The polyrhythm of “This Is Coming To?” is an orgy of percussions, electric bass, and beats that—until its descending bridge—musically progresses while also managing to feel as though it were standing still within the same three or four bar beat pattern. Special thanks to percussionist Nikki Campbell, drummer Chris Taylor, bassist Daniel Seeff, and guitarist Patrick Bailey, it’s a fascinating rhythm song that captures your attention and your neck muscles in its movement and repetitions. Did I mention how fantastic its hook and chanting vamp out are? Yeah, pretty damn sublime. And that’s not all, folks! Not with a pure string and guitar ballad like “Surrender the Pretender” taking its succulently sweet time to unfold on the docket. Lead vocalist Baskerville Jones joined in harmony by Loslito, Mark Cross, and Chris Taylor sound almost like a religious experience when they get to singing the chorus “You are as I am” on the tour de force “Surrender the Pretender.”

While organic sounds are their wheelhouse, they aren’t afraid of synthy new wave and electrofunk instrumentation, as illustrated on the tongue-in-cheek chic yet arcade like “Samurai.” Nor do they shy away from long instrumental jam sessions, with “Caterpillar” serving as a fine acid jazz example (though Jones and chorus do eventually jump on about midway through to close it out). On “Religion To Me,” astral sounds service the kind of soul band ballad that Average White Band and Norman Connors might have tried their hand it, but the construction is looser and more liberated than those acts contemplated, the vocals inhaling and exhaling in and out of the track like a fever dream, what starts as a solo then becomes a chorus before finally ending as a duet. Naturally.

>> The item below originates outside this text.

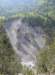 paesaggio02_small.jpg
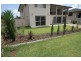 16a Glen Nevis Street, Mansfield QLD 4122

The Rebirth exhibits such confidence in their lightly avant garde experimentations that they barely feel like experimentations at all, just a free flowing yet focused artistic journey. “Show ‘em” has a similar ease in movement and transitions in voices that give the feel of Rotary Connection or The Fifth Dimension set free – which is an interesting riff on two musical groups who were personified by their own unconventional, hippie approach to a genre-free, soulful rock and pop hybridity. Producer, vocalist, and keyboardist, Loslito, should take a magician’s bow for helping make this ship’s guidance in musical child’s play feel so effortless, since listening to a more constructed, California soul chorale like “Being Thru The Eyes of a Child (Prelude),” makes it clear that none of this music is technically simple or easy. His is a true sleight of hand.

What is also interesting is how much of this band’s music is simply pretty to the ear. Baskerville Jones’ unassuming, yet sweetheart vocals has something to do with the almost innocence of The Rebirth sound, especially on a cotton candy floater of an acoustic ballad such as “Come On Over.” It just carries you off on a cloud.

Song like “By Design” and “Wasteland” inject a bit more edge and modernity to the proceedings, but even these more contemporary soundscapes don’t fully succumb to any of the cynical darkness that parades through much of the music of now. That’s no small feat with a track called “Wasteland” that makes that word part of its hook. But, coming back ten years after your debut and sounding this fresh, this arresting to the ear and still so wholly and uniquely yourself is no small feat either. The Rebirth pulled it off, as one of the last soul and jazz funk bands in the Black music tradition still standing. This is essential listening. Highly Recommended.